RECURSO CRIMINAL Nº 223/23.4GAPNI.C1
Relator: CÂNDIDA MARTINHO
Data do Acórdão: 14-07-2025
Tribunal: TRIBUNAL JUDICIAL DA COMARCA DE LEIRIA – JUÍZO DE COMPETÊNCIA GENÉRICA DE PENICHE
Legislação: ARTIGOS 51.º, 52.º, 58.º E 152.º DO CÓDIGO PENAL; ARTIGOS 355.º, N.º 1, E 375.º, N.º 4, DO C.P.P..

 Sumário:

I – Não é de conhecer o segmento do recurso interposto da sentença em que o condenado recorre da decisão sobre o seu estatuto coactivo, reapreciado ao abrigo do n.º 4 do artigo 375.º do C.P.P., se ele, posteriormente à decisão, requereu a alteração/revogação do estatuto coactivo ali decidido, provocando, por sua iniciativa, nova decisão sobre a matéria.

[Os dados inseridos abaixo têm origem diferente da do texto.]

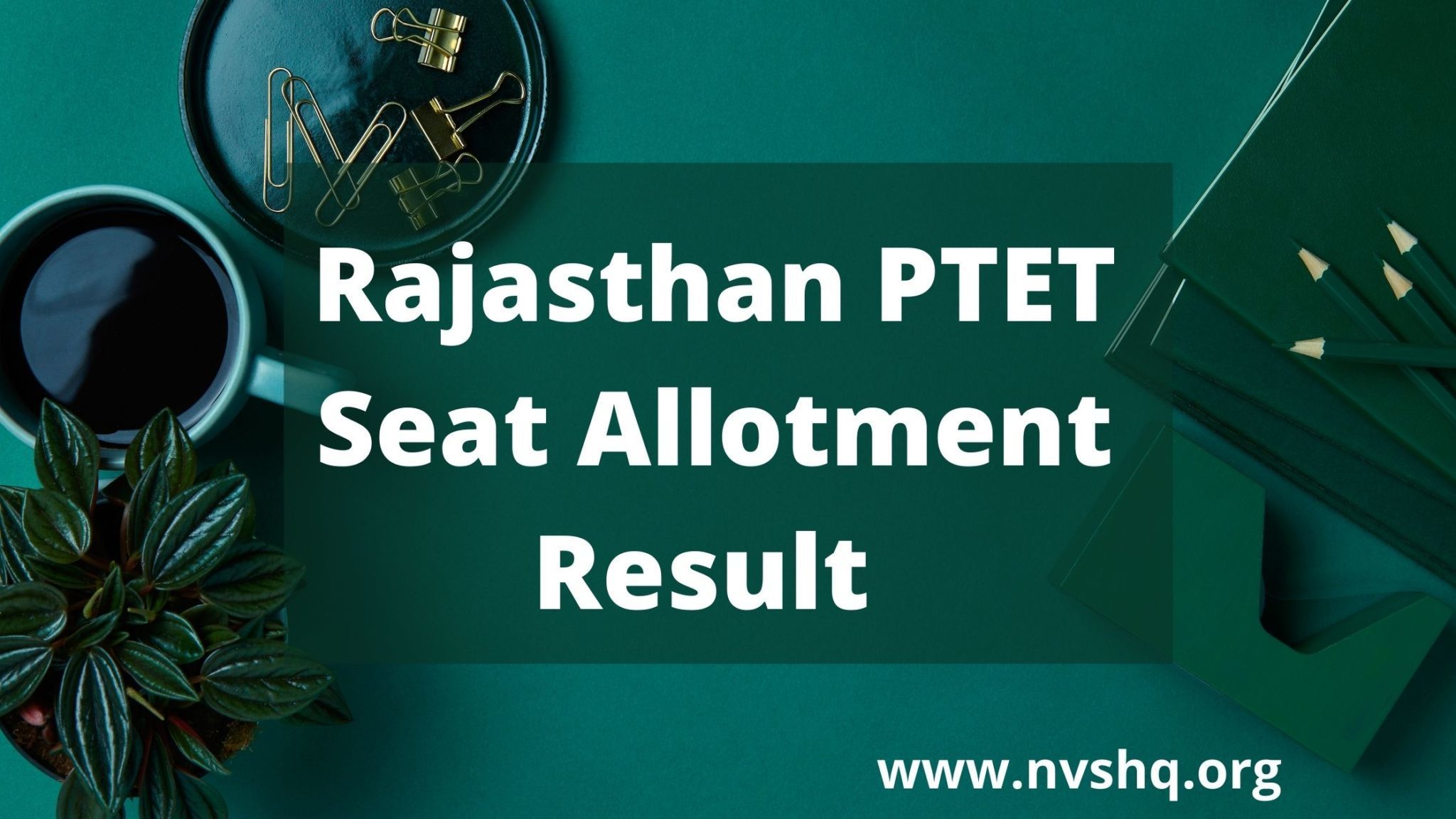 rajasthan-ptet-1st-seat-allotment-result-2023-out-for-2-4-year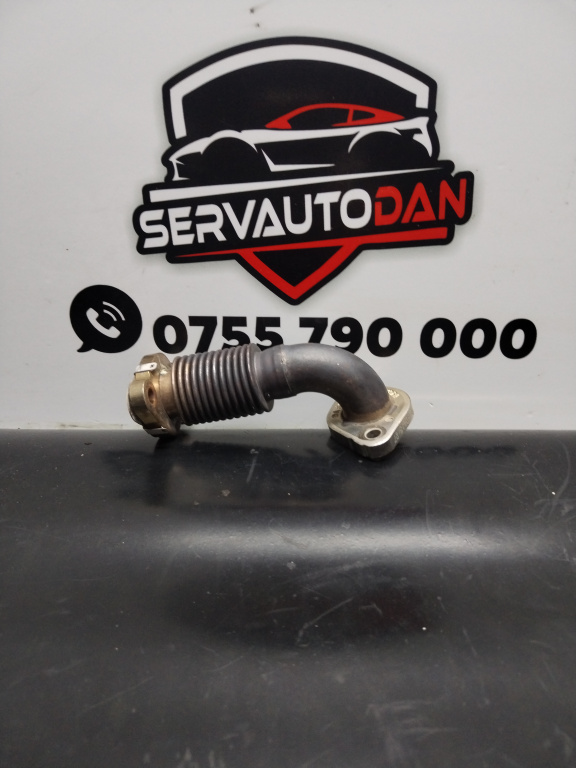 Conducta racitor gaze Mercedes-Benz Sprinter (2009->) [906] 2.2 Motorina 2012, A6511411004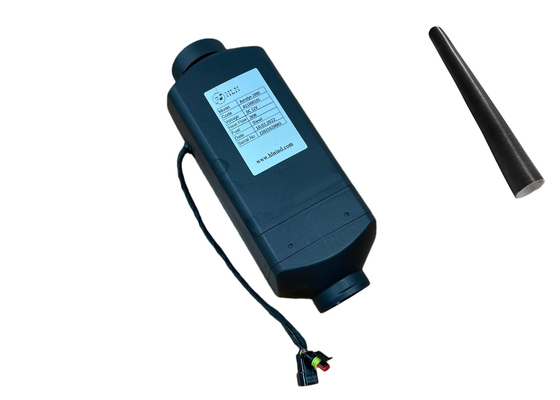 Aire diesel Heater Universal 12v 24v de la caravana 2kw que precalienta el surtidor de gasolina de la cabina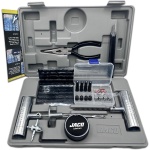 JACO TRX-50 Heavy Duty Tire Repair Kit | Universal Tire Plug Kit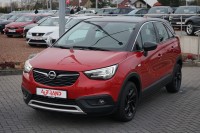 Vorschau: Opel Crossland 1.2 Innovation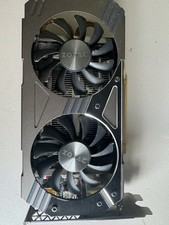 Zotac gforce gtx for sale  COVENTRY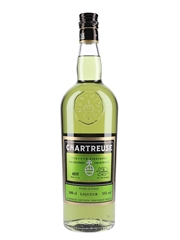 Chartreuse Green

II – Não é proibida a junção ao processo, por parte da vítima e sem consentimento do arguido, de gravação áudio feita pelo arguido de uma conversa havida entre ambos, sem o consentimento e conhecimento daquela, destinada a fazer prova de actos de violência doméstica imputados ao arguido, pois a protecção da privacidade invocada pelo arguido acaba quando aquilo que se protege constitui crime.
III – Do mesmo modo não é proibida a junção aos autos da tradução de tal gravação.
IV – Tendo estes meios de prova sido juntos na fase de inquérito e tendo sido dados a conhecer ao arguido, a circunstância de não constarem expressamente do elenco dos meios probatórios indicados nem na acusação pública, nem da decisão instrutória, não é impeditiva da sua valoração em sede de decisão final, pois tal não configura qualquer comprometimento das garantias de defesa do arguido, designadamente do princípio do contraditório.
V – Também não é impeditivo o facto daqueles meios de prova não terem sido objecto de exame no decurso da audiência.
VI – Não configura a prática de um crime a gravação vídeo ou áudio feita pela vítima, mesmo sem o consentimento do arguido, destinada a demonstrar factos com relevância criminal, já que a autora da gravação actua ao abrigo de uma causa de exclusão da ilicitude, particularmente quanto a prova dos factos pode ser particularmente difícil.
VII – O regime de prova e as regras de conduta que podem condicionar a suspensão da execução da pena de prisão, tendo de respeitar o princípio da razoabilidade, não têm de restringir-se ao que é confortável ao arguido, isto é, àquilo que ele pode cumprir sem sacrifício.